From one call of pixmatch to the next, we are moving from low-frequency detail to a higher level. We are moving down a level of a Gaussian pyramid, from coarse detail to finer detail. Within each invocation of pixmatch, scores always improve. But scores will generally become worse from one call to the next. We have introduced detail that wasn't present at the coarser level. At one level all the pixels may be perfect, and at the next they may all be terrible. How much effort should we make at one level seeking perfection? How do we know when it is good enough?

Starting at a coarser level (37x25 pixels) makes no difference to speed or quality.

At the 75x50 level, reducing mpi from 100 to 10 shortens the processing from 30 to 26 seconds, and makes no difference to the MEAN nor IM's RMSE. However, it worsens the MAXIMA score from 0.18 to 0.22.

At the next level, 150x100, increasing mpi from the default 10 to 50 just takes a little longer without affecting quality.

Script pixMatch.bat

The convert command for multi-scale matching of large images becomes complex, especially as reference and source may be different sizes.
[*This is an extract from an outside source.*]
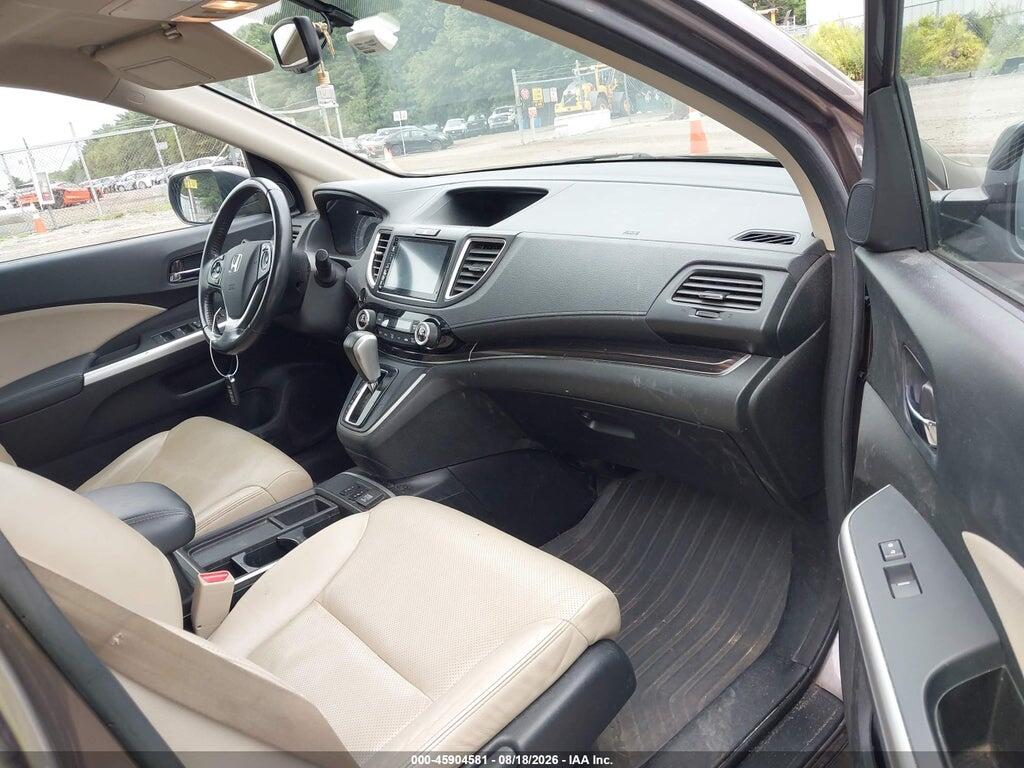 2HKRM4H79FH633547 2015 HONDA CR-V photo no. 5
So, based on the above and many other trials, here is a meta-script pixMatch.bat. It creates and runs a script with the convert command that reads reference and source, and creates the displacement map. It starts at the coarsest scale (the top of the Gaussian pyramid) where the minimum dimension is 50 pixels. It does a full sweep at the coarsest level, then PART phases for intermediate levels, and finishes with both search and PART phases.

For example:

:skip
set pmSEED=-seed 1234

call %PICTBAT%pixMatch ^
  pm_ph1.tiff ^
  pm_ph2.tiff ^
  pm_scr1.png

call StopWatch 
0 00:01:10
%IM%convert ^
  pm_scr1.png ^
  -separate ^
  pm_scr1s.png

%IM%convert ^
  pm_ph1.tiff ^
  pm_scr1.png ^
  -compose Distort -set option:compose:args 100%%x100%% -composite ^
  pm_scr1d.tiff
pm_scr1.pngjpg
pm_scr1s-0.pngjpg pm_scr1s-1.pngjpg pm_scr1s-2.pngjpg
pm_scr1d.tiffjpg
%IM%convert ^
  pm_scr1.png ^
  -format "MEAN=%%[fx:mean.b]\nMAXIMA=%%[fx:maxima.b]\n" ^
  info: 
MEAN=0.0341334
MAXIMA=0.257267
%IM%compare -metric RMSE pm_ph2.tiff pm_scr1d.tiff NULL:  
2518.17 (0.0384248)

Here is the script that was created and run:

( f:\prose\PICTURES\pm_ph1.tiff +write mpr:REF )
( pm_ph2.tiff +write mpr:SRC )
-filter cubic -seed 1234
( -filter cubic
( mpr:REF -resize 75x50! )
( mpr:SRC -resize 75x50! )
-process 'pixmatch search none part off sweep on '
+write mpr:MAP3
)
( -filter cubic
( mpr:REF -resize 150x100! )
( mpr:SRC -resize 150x100! )
( mpr:MAP3 -resize 150x100! )
-process 'pixmatch lsr 1 st 0.01 search none part on mpi 90 '
+write mpr:MAP2
)
-delete 2
( -filter cubic
( mpr:REF -resize 300x200! )
( mpr:SRC -resize 300x200! )
( mpr:MAP2 -resize 300x200! )
-process 'pixmatch lsr 1 st 0.01 search none part on mpi 30 '
+write mpr:MAP1
)
-delete 2
( -filter cubic
( mpr:REF )
( mpr:SRC )
( mpr:MAP1 -resize 600x400! )
-process 'pixmatch lsr 1 st 0.01 search entire part on mpi 10 '
+write mpr:MAP0
)
-delete 2
-delete 0-1

Large photographs

We can apply the above techniques to large photographs.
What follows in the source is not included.